DeAlmeida was the first to be sentenced for the years-long scheme after she pleaded guilty in July 2024. In addition to her prison term, DeAlmeida will pay $1,397,920 in restitution, according to the court’s judgment.
The original plea deal offered by prosecutors to DeAlmeida stated that she was to serve no more than two years with a deadline of July 14 to accept the agreement. DeAlmeida didn’t accept the plea until July 26 and received three years.
DeAlmeida was the assistant dean of Seton Hall Law School in Newark, N.J., where she held the school credit card and could approve certain expenditures, according to the charging documents. Cardoso and Martins also worked at the school as support staff.
In 2015, Martins created the shell company CMS Content Management Specialist LLC, which generated no services to the school, according to the charge documents. Despite not rendering services, Martins invoiced Seton Hall for charges DeAlmeida approved. Martins charged about $208,000 between 2015 and 2022, which she used for personal gain.
DeAlmeida and Martins also ran a gift card scheme where they instructed school vendors to purchase and give them gift cards and prepaid debit cards, then bill the school for services in the same amount they spent on the cards, according to the charge documents. DeAlmeida then approved the vendors’ fraudulent invoices.
From November 2010 to July 2011, DeAlmeida and Martins embezzled $63,000 with this scheme through one vendor and $417,000 through another between 2009 and 2022, say prosecutors.
DeAlmeida also instructed Martins to use the school credit card to purchase thousands of gift cards from the school bookstore between 2017 and 2022. DeAlmeida approved the purchases of $200,000 worth of gift cards from the university bookstore.
DeAlmeida also had vendors invoice the school for reimbursement of periodic payments to Martins and Cardoso, even though there was no exchange of services rendered to the vendors by the two employees, according to the charge documents.

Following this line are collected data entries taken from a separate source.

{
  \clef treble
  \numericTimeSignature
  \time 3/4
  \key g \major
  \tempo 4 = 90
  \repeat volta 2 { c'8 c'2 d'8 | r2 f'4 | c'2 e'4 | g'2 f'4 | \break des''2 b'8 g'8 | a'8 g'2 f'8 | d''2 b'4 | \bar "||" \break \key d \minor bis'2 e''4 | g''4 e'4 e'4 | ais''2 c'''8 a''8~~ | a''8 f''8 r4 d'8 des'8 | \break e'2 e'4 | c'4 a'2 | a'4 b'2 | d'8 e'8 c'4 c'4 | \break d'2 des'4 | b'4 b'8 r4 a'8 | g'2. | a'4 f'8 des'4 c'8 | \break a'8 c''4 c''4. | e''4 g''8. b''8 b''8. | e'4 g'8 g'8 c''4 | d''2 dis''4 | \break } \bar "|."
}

Martins and Cardoso were paid $220,000 in this scam.
DeAlmeida and Martins used DeAlmeida’s school credit card to purchase $70,000 worth of personal items like shoes, bed linens, smartwatches and other personal items at online retailers, according to the charge documents. The items were shipped to DeAlmeida and Martins’ residents, and DeAlmeida altered the school’s financial statements to cover up the fraud.